◆ **Task to carry out**: Set down every record below exactly as it stands, with the pictures omitted.

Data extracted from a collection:

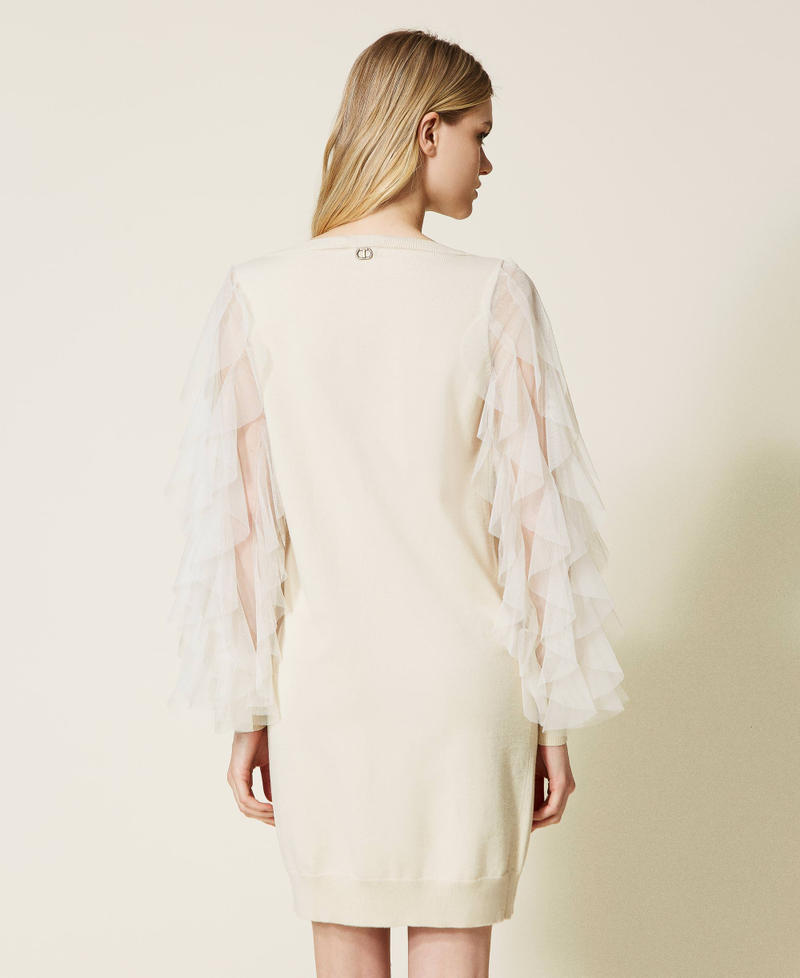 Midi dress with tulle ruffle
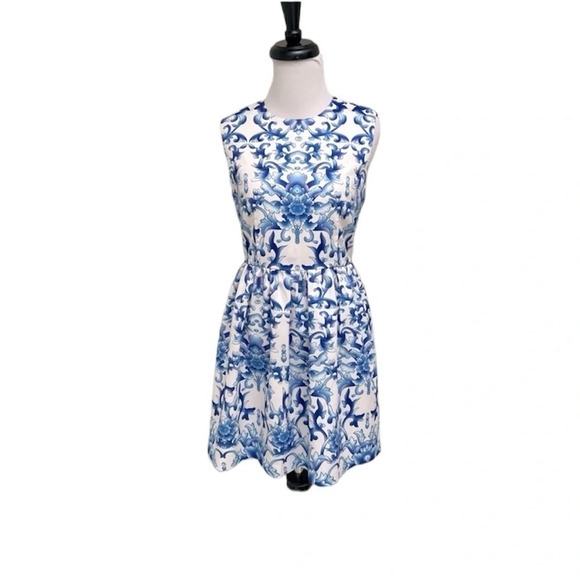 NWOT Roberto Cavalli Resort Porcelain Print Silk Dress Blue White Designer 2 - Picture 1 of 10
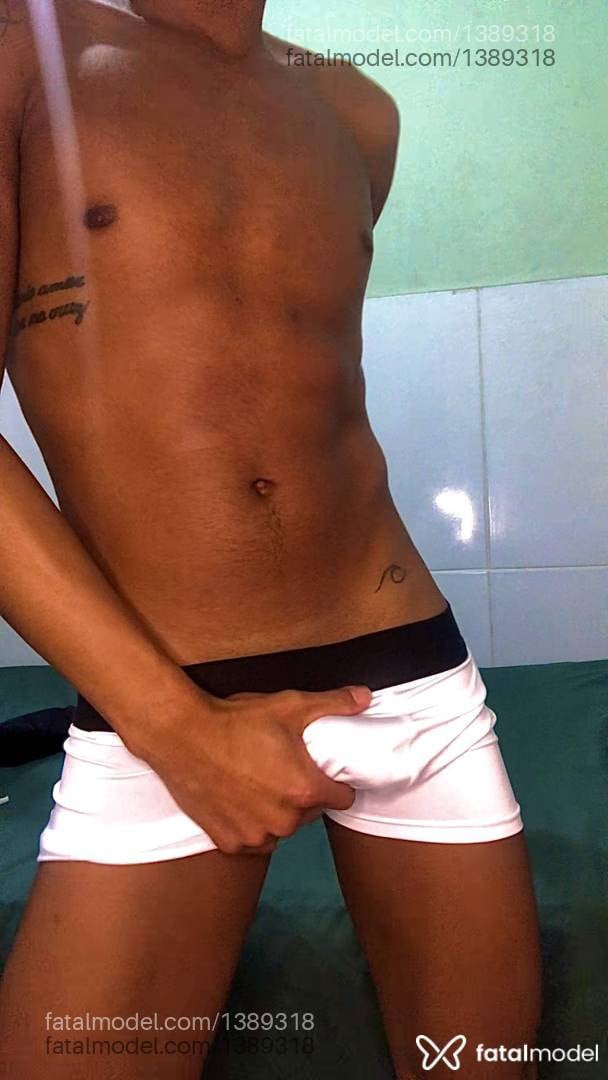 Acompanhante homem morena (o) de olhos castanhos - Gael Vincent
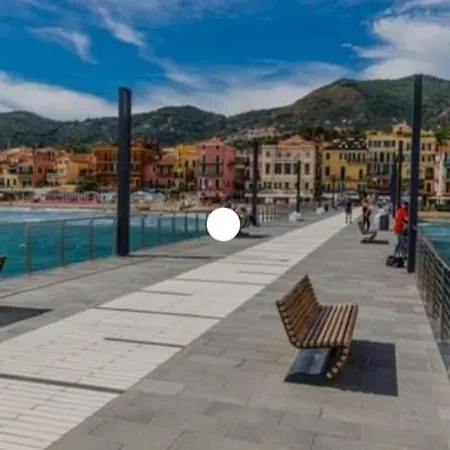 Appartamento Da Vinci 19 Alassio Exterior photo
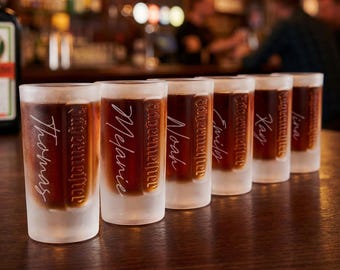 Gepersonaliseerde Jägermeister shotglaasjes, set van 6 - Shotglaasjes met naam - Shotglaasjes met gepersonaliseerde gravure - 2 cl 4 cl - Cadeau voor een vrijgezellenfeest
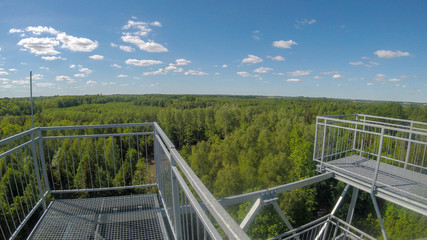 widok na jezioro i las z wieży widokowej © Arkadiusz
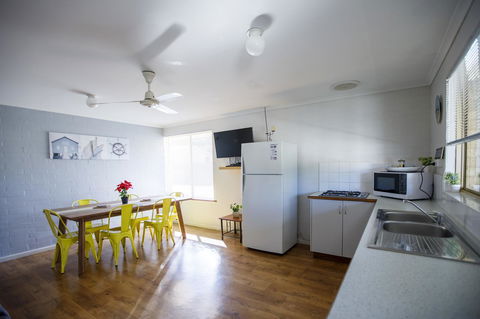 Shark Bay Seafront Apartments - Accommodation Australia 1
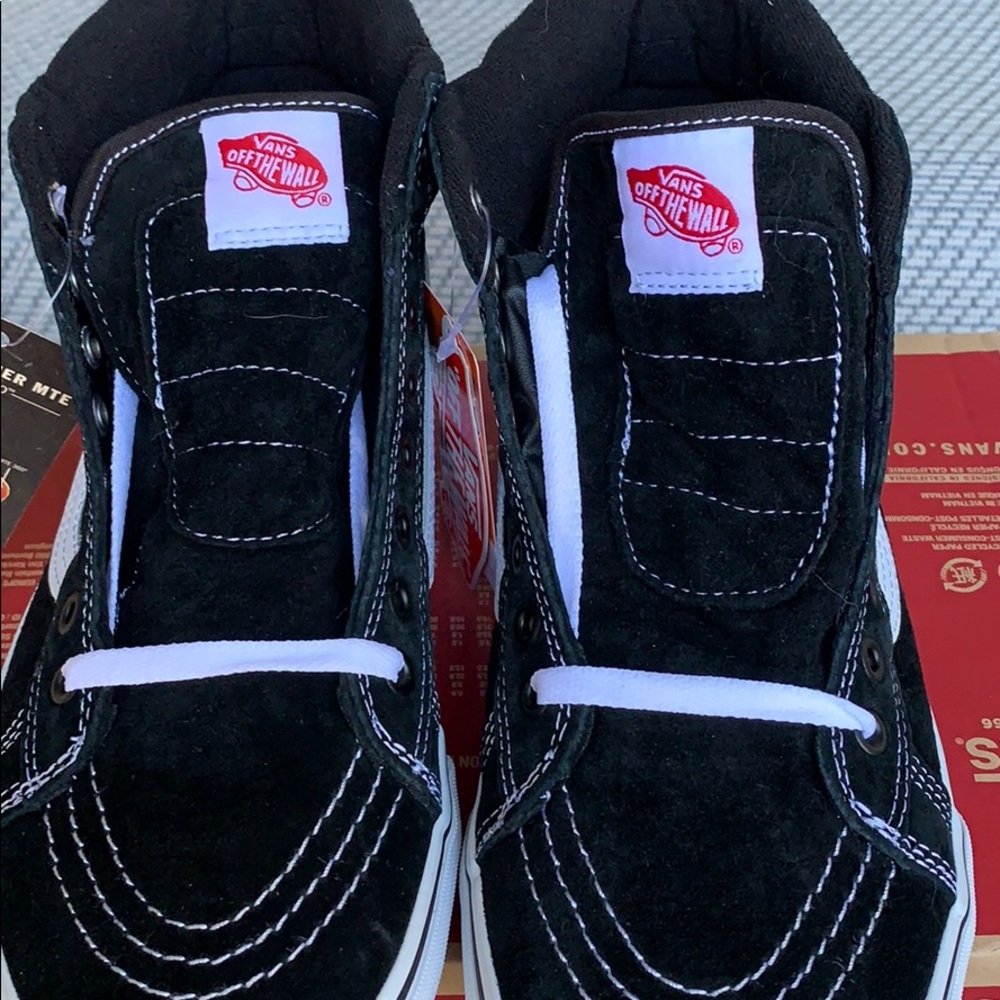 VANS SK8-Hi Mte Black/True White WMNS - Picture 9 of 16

◆ **Result for this exercise**:
 Midi dress with tulle ruffle
 NWOT Roberto Cavalli Resort Porcelain Print Silk Dress Blue White Designer 2 - Picture 1 of 10
 Acompanhante homem morena (o) de olhos castanhos - Gael Vincent
 Appartamento Da Vinci 19 Alassio Exterior photo
 Gepersonaliseerde Jägermeister shotglaasjes, set van 6 - Shotglaasjes met naam - Shotglaasjes met gepersonaliseerde gravure - 2 cl 4 cl - Cadeau voor een vrijgezellenfeest
 widok na jezioro i las z wieży widokowej © Arkadiusz
 Shark Bay Seafront Apartments - Accommodation Australia 1
 VANS SK8-Hi Mte Black/True White WMNS - Picture 9 of 16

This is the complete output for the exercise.